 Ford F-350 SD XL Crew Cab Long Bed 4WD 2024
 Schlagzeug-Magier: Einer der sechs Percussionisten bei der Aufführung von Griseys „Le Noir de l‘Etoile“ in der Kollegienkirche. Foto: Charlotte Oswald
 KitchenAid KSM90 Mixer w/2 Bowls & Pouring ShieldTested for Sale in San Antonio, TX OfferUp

...

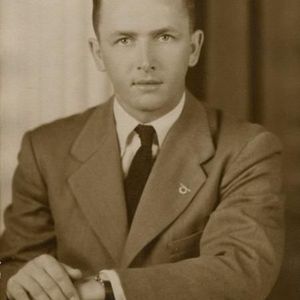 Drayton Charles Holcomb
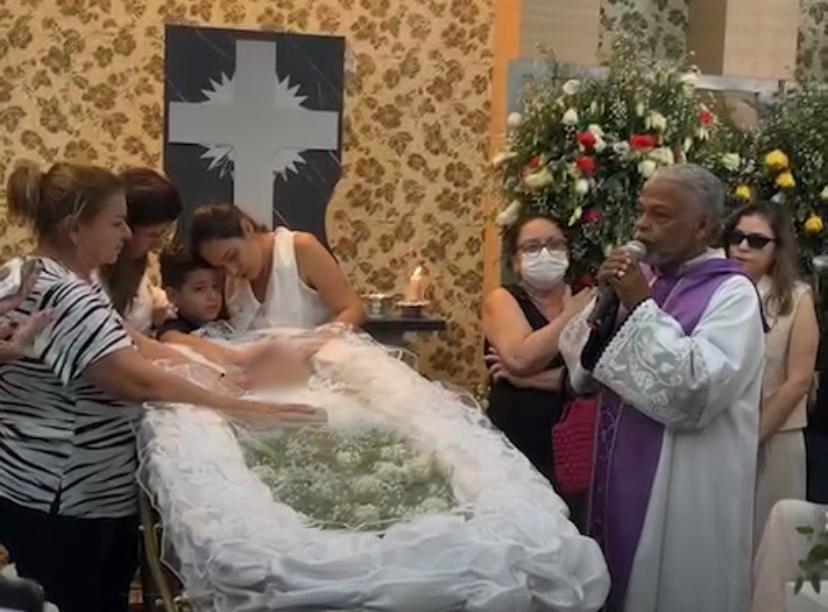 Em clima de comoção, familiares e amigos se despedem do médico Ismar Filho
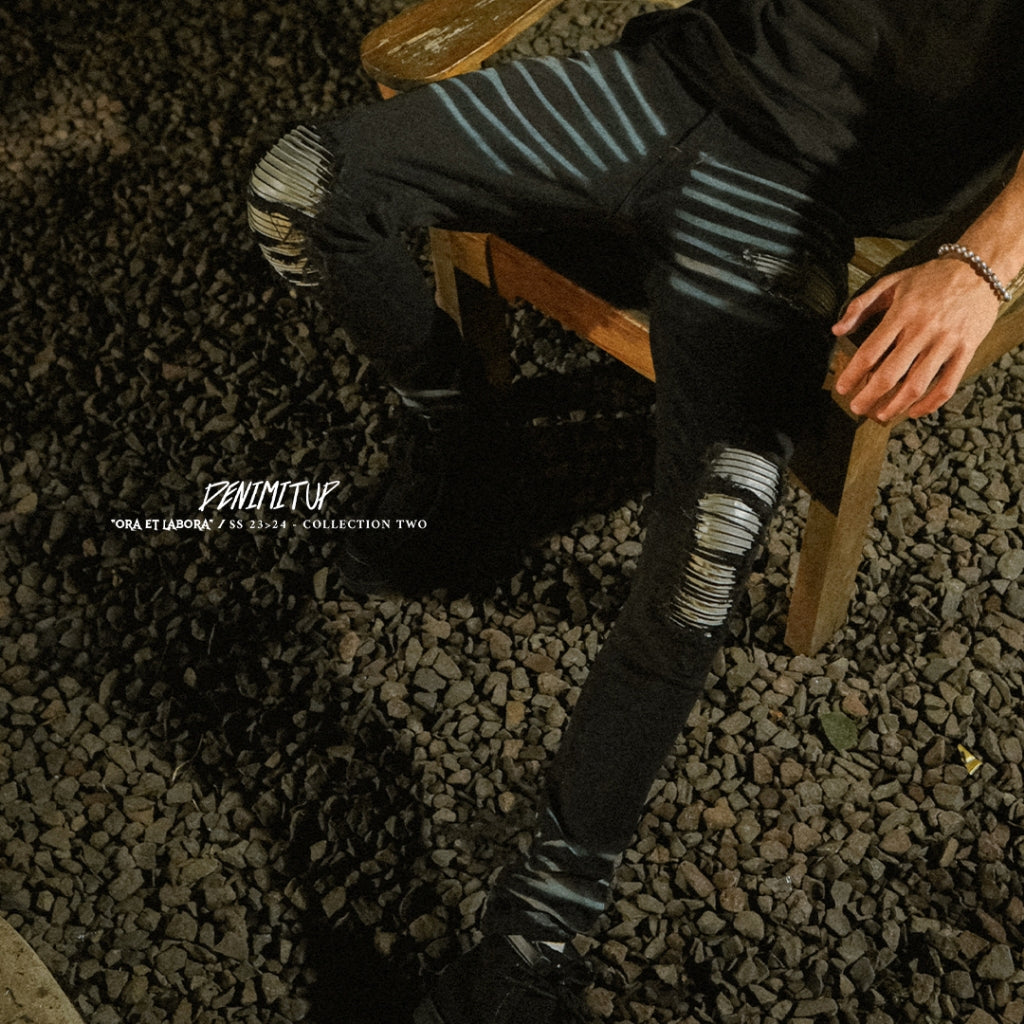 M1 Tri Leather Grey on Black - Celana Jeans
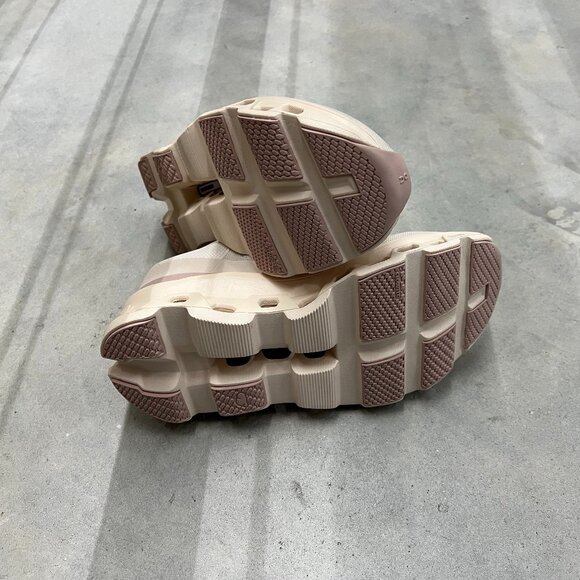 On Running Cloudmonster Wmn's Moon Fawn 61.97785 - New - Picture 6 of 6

--- Problem requirements ---
Give again the stretch of lines above from the one with "Em clima de" through the one with "On Running Cloudmonster", both ends kept, and copy no pictures.

--- Result of the exercise ---
 Em clima de comoção, familiares e amigos se despedem do médico Ismar Filho
 M1 Tri Leather Grey on Black - Celana Jeans
 On Running Cloudmonster Wmn's Moon Fawn 61.97785 - New - Picture 6 of 6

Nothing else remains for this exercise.